*** DATA SECTION ***
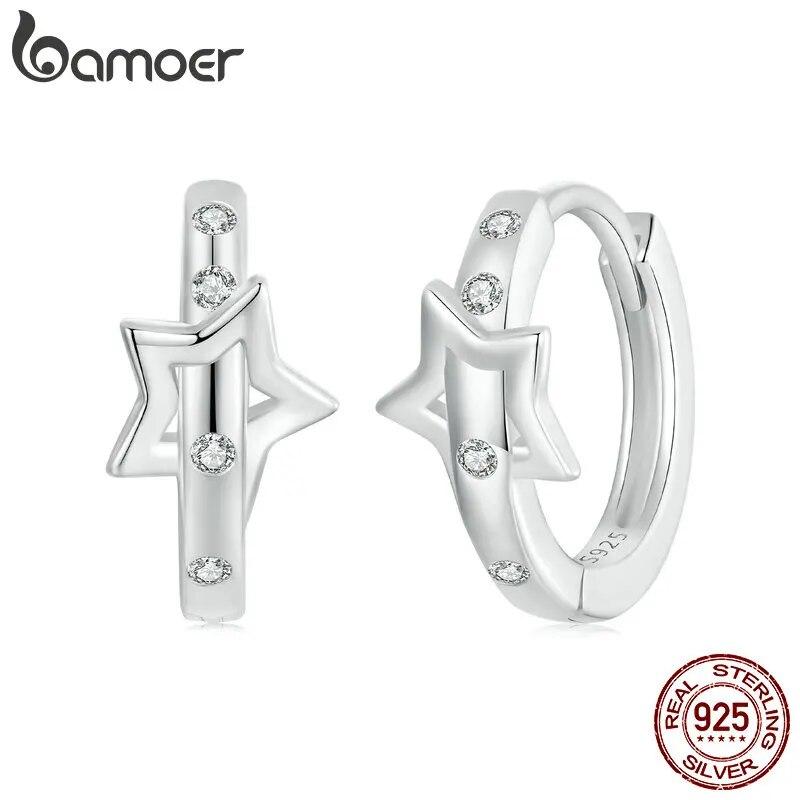 Серьги Huggie BAMOER с покрытием из белого золота, гипоаллергенные маленькие серьги-кольца из стерлингового серебра 925 пробы с фианитами и звездами для женщин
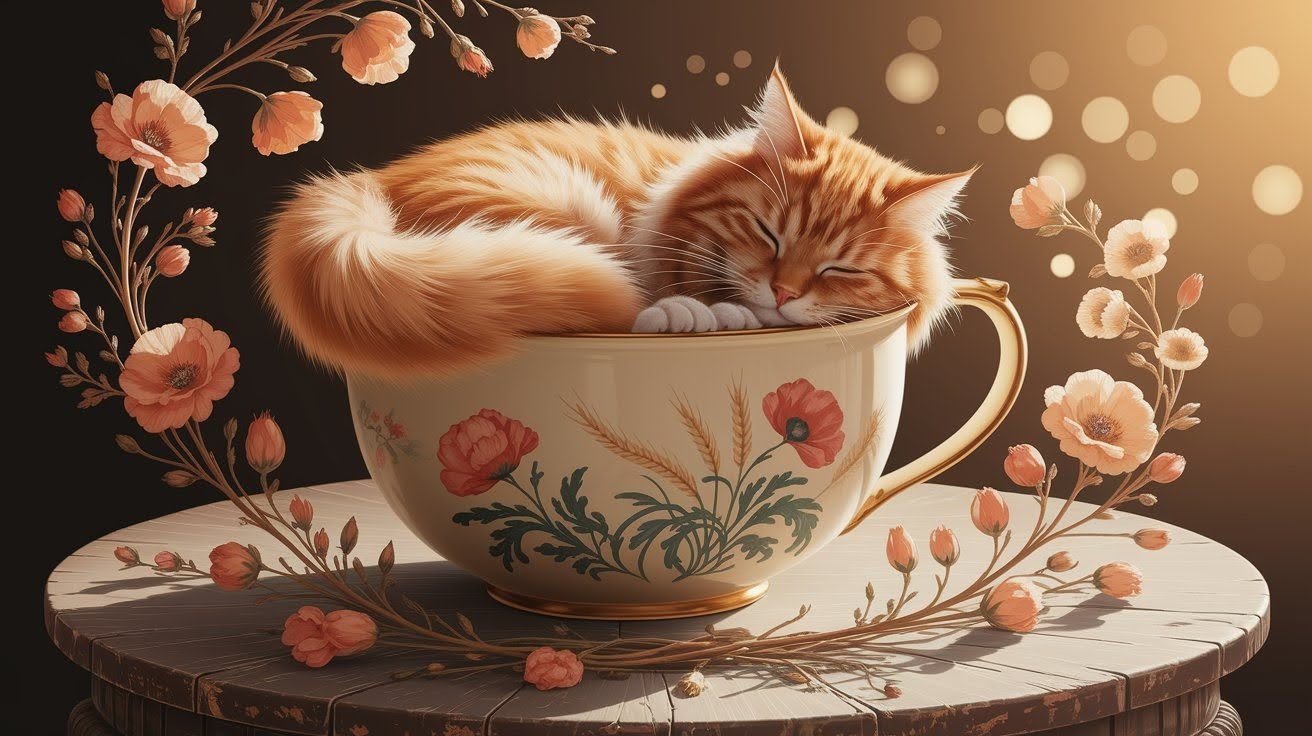 Sleepy Cat in a Mug 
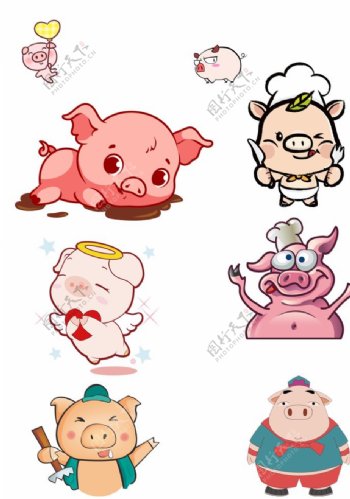 卡通可爱小猪猪动物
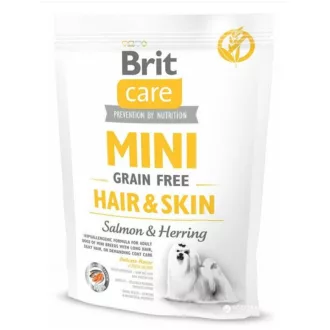   Brit Care Mini Grain-Free Hair & Skin Salmon & Herring 400g-hipoallergén, gabonamentes kutyatáp,érzékeny bőrre, szőrre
*** End of DATA SECTION ***
EXERCISE PROMPT — Provide the listing above once more, exactly, with the pictures removed.

RESULT BELOW —
 Серьги Huggie BAMOER с покрытием из белого золота, гипоаллергенные маленькие серьги-кольца из стерлингового серебра 925 пробы с фианитами и звездами для женщин
 Sleepy Cat in a Mug 
 卡通可爱小猪猪动物
   Brit Care Mini Grain-Free Hair & Skin Salmon & Herring 400g-hipoallergén, gabonamentes kutyatáp,érzékeny bőrre, szőrre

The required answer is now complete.